# New Tournament in Port Mansfield



## TBL (Mar 27, 2012)

I wanted to let everyone know about a new tournament we are putting on this summer. The "GUYS and GILLS" tournament will be held in Port Mansfield Texas on Saturday June 23rd. This is a mixed tournament, in other words each team must have a man and at least one woman.
This is a good opportunity for guys to take their wife, mother, daughter, sister, girlfriend, etc... fishing and have a good time and maybe win some cash. This is strictly an ametuer event and all fees that are collected will be paid out as prize money. This tournament will be a hoot. We all know how competitive the ladies can be! I have attached a flyer and the tournament rules for you to check out. We hope to see a lot of new faces this year.
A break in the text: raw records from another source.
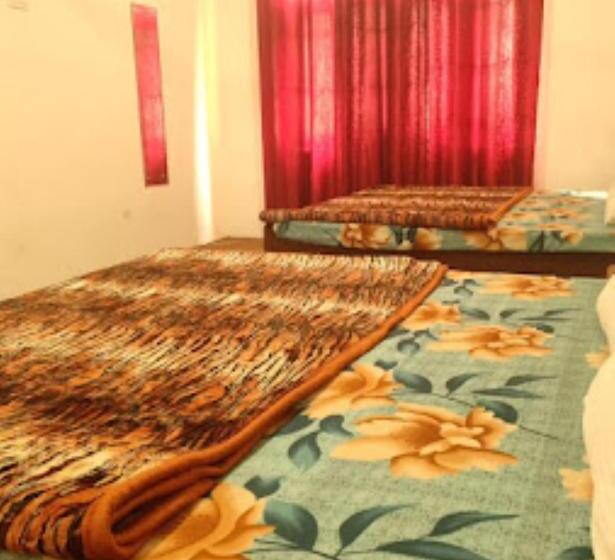 Standardrum, City Way, Srinagar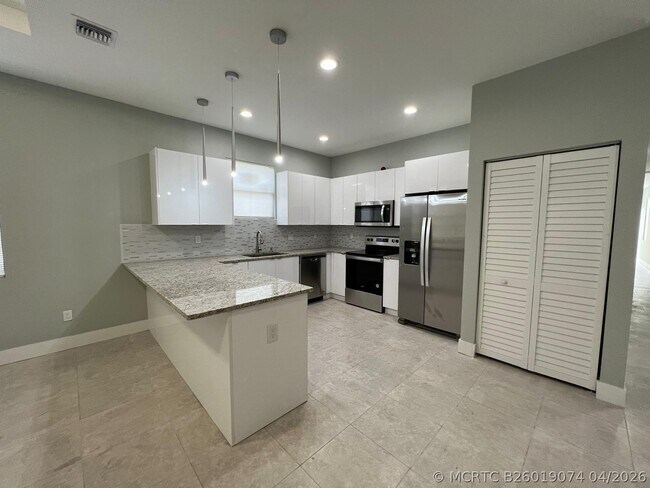 Photo - 227 N E St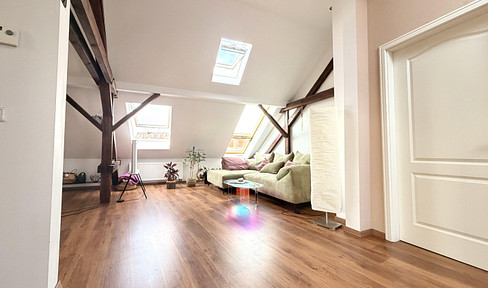 Einzigartiges Dachgeschoss +++ PROVISIONSFREI +++ 4 Zimmer, offene Balken & viel Tageslicht + Garage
Please let me know if anyone needs more info.

TBL


----------



## lehjr88 (Aug 15, 2005)

*Tournament in PM*

Is this tournament still on?


----------



## TBL (Mar 27, 2012)

The Guys and Gills tournament is definately on. There is a dozen or so teams already commited and I hope to get at least a dozen more before start date. This will be a good time. Lots of friends and families competing. Let me know if you need more info.
TBL


----------



## TBL (Mar 27, 2012)

*Guys and Gills tournament*

If any 2Coolers plan to fish this tournament please send me a PM to let me know so I can make sure we are prepared for the turn out.
Thanks
TBL


----------